**WORK TO BE COMPLETED**
For the records that follow, please set down exactly the lines between the one holding "When you scroll" and the one holding "Hey guys, my", inclusive, and only those.

**SUPPLIED RECORDS**
Content starts

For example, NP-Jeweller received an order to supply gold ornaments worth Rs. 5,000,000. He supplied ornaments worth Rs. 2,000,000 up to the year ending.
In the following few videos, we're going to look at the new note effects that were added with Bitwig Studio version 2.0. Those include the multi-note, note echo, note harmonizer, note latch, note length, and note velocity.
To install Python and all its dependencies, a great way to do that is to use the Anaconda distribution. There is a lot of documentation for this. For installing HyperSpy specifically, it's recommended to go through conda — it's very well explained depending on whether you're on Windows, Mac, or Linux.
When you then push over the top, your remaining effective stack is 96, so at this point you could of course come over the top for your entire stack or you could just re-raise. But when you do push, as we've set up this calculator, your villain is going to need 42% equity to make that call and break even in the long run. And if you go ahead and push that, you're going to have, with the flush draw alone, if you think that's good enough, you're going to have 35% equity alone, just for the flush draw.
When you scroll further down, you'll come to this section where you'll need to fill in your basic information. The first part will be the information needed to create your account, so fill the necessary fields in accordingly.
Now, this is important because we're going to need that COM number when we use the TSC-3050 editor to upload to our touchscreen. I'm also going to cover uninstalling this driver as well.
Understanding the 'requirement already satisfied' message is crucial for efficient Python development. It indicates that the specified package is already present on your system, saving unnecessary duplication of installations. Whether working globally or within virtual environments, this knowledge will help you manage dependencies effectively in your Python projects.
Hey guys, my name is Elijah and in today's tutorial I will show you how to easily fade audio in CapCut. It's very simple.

Content ends
Content starts

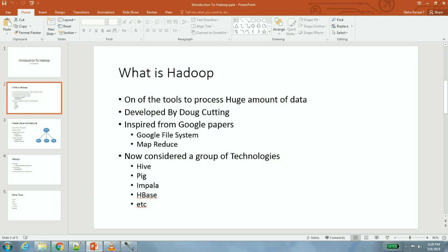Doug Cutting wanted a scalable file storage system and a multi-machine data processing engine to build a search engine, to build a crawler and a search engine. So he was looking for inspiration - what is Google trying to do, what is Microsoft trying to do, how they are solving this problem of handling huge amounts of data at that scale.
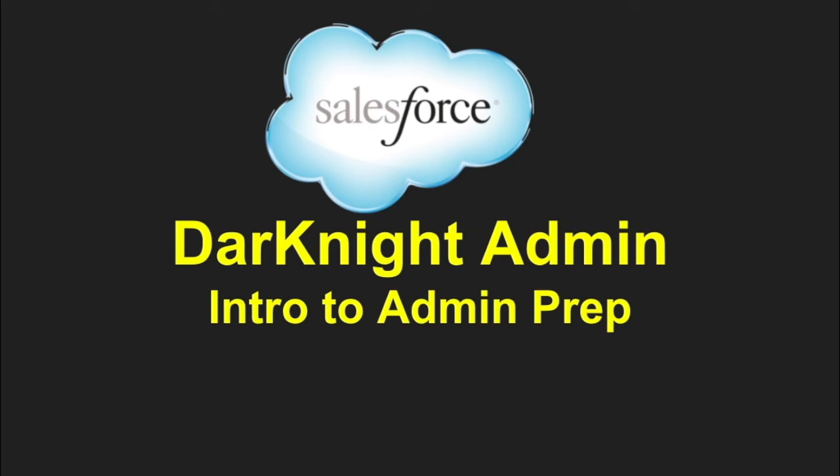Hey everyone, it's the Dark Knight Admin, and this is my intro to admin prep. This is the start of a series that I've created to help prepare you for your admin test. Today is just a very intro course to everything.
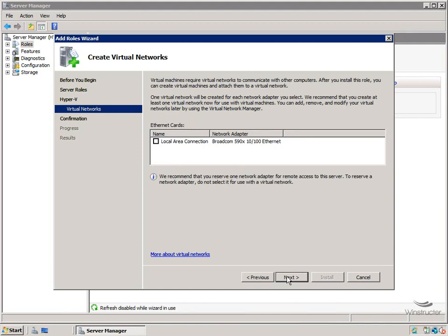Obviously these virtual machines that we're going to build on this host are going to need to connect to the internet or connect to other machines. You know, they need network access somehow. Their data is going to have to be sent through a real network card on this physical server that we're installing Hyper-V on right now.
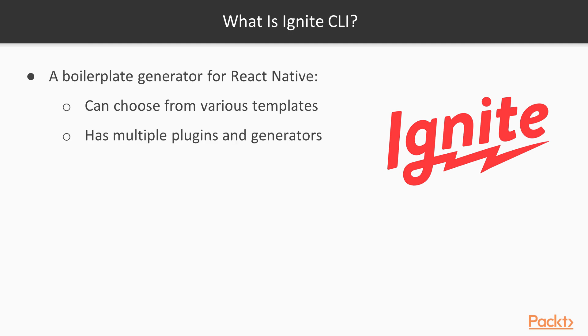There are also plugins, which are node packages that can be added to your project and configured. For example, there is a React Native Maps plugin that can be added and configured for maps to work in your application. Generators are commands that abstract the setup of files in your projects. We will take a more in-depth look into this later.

Content ends
Content starts

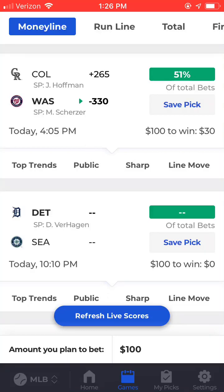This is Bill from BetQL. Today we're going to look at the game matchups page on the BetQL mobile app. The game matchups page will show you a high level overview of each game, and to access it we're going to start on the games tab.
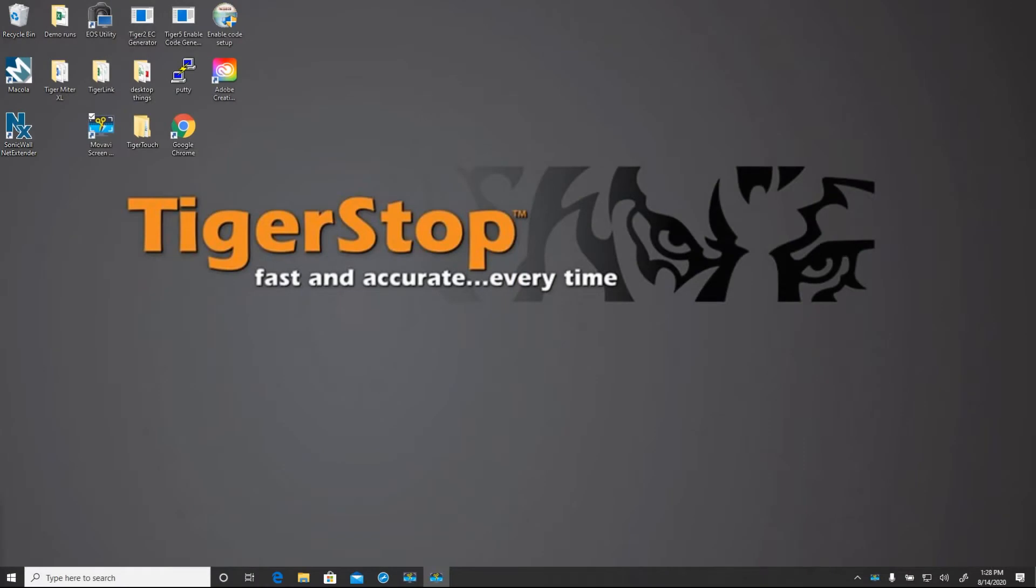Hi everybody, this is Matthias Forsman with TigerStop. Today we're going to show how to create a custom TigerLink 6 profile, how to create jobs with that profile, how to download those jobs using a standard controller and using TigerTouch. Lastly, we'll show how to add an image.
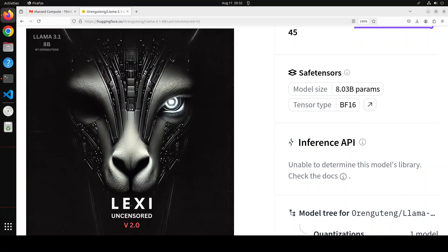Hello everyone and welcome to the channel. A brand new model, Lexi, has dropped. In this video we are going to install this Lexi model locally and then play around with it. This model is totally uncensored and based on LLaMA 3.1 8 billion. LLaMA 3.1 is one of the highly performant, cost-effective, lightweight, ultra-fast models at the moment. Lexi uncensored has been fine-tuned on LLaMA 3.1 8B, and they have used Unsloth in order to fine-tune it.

Content ends

**RESPONSE TO THIS TASK**
When you scroll further down, you'll come to this section where you'll need to fill in your basic information. The first part will be the information needed to create your account, so fill the necessary fields in accordingly.
Now, this is important because we're going to need that COM number when we use the TSC-3050 editor to upload to our touchscreen. I'm also going to cover uninstalling this driver as well.
Understanding the 'requirement already satisfied' message is crucial for efficient Python development. It indicates that the specified package is already present on your system, saving unnecessary duplication of installations. Whether working globally or within virtual environments, this knowledge will help you manage dependencies effectively in your Python projects.
Hey guys, my name is Elijah and in today's tutorial I will show you how to easily fade audio in CapCut. It's very simple.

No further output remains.